One of the brains behind the project and the Managing Director of Pearls Learning Hub, the host centre of the participants, Engr. Adeolu Odusola, tasked the government and residents to do more in their attitudes to waste management.
He added that while the government strive to be intentional in implementing environmental laws, the residents should also play their part.
In his words: “Well, I hope people know what this place is. It is the Gwoza site where all waste in Abuja is dumped. I hardly can open my mouth to talk because a fly can jump inside if I am not careful. You can see how smelly and untidy it is. But that is who we are, this is the best that we have right now in Abuja, the flagship of Nigeria. If you go to Lagos, it is the same thing; it shows that there is so much that we are not doing right as a people in Nigeria.
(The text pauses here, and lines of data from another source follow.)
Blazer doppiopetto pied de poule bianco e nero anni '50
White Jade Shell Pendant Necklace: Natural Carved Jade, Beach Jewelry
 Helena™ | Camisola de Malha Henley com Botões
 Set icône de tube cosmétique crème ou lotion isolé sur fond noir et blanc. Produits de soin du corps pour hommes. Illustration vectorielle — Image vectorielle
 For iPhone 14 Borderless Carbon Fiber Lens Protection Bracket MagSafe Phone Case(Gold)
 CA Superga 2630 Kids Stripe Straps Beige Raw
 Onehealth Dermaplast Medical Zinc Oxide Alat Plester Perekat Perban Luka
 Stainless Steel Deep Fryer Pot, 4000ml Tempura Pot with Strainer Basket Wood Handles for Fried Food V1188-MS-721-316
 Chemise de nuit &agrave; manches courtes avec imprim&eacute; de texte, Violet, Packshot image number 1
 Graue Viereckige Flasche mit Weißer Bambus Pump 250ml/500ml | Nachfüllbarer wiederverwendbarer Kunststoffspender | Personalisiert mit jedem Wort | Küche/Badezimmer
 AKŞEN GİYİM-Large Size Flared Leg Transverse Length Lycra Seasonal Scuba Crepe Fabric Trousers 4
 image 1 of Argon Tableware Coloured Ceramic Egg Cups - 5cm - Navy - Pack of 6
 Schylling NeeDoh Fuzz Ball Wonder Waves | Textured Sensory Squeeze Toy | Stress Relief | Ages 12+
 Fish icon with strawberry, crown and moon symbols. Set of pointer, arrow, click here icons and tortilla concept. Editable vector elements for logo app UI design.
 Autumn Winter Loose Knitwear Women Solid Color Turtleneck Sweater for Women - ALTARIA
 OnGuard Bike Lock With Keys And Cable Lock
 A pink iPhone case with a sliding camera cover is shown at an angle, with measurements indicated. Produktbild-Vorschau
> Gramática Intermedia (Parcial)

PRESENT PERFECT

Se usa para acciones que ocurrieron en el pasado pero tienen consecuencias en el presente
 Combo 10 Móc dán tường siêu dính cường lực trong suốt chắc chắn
“When you come here, you see the consequence of the value that we exhibit, the values of carelessness. Who cares about managing things? Who cares about doing things right? The waste here can be recycled into products that can generate millions of naira. They have not been handled properly; that is the reason I am so glad that I am seeing young people who are the future of this country, hoping they take the right decision instead of leaving the country.
“They come together to think out ways to solve these problems and that is why we have this project we are currently on with the UNDP through the Small Grant Project we are trusting that in the next few weeks, these youths will do better. I am really waiting to see the suggestions. The government should not just make environmental laws but also see to their implementation. A lot more can be done like getting things more organized, training people right from basic school and putting collector bins for easy waste disposal.”
A courtesy visit was made to the office of the director of the Abuja Environmental Protection Board. Zainab Umar, Director Environment Conservation, on behalf of the Board, lauded the aim of the project and urged the participants to uphold all that has been thought in the cause of the excursion.
One of the participants, Ogoche Victor, expressed his excitement at the excursion. He said: … I am inspired into creating a situation where picking waste will be very exciting. It becomes fun not a norm. I call on the government to be intentional with implementing laws that protect our environment.”
Another participant, Naomi Asogwa, revealed her intention to extend her newfound knowledge to her school colleagues. In her words: “I am a student and I am pleased to be part of this. Growing up I have never liked the idea of littering the environment. But I wasn’t bold enough to tell other people around me not to do it, but this program has instilled in me boldness. I am confident enough to talk to both my fellow students and elders on the need to properly dispose of solid waste.”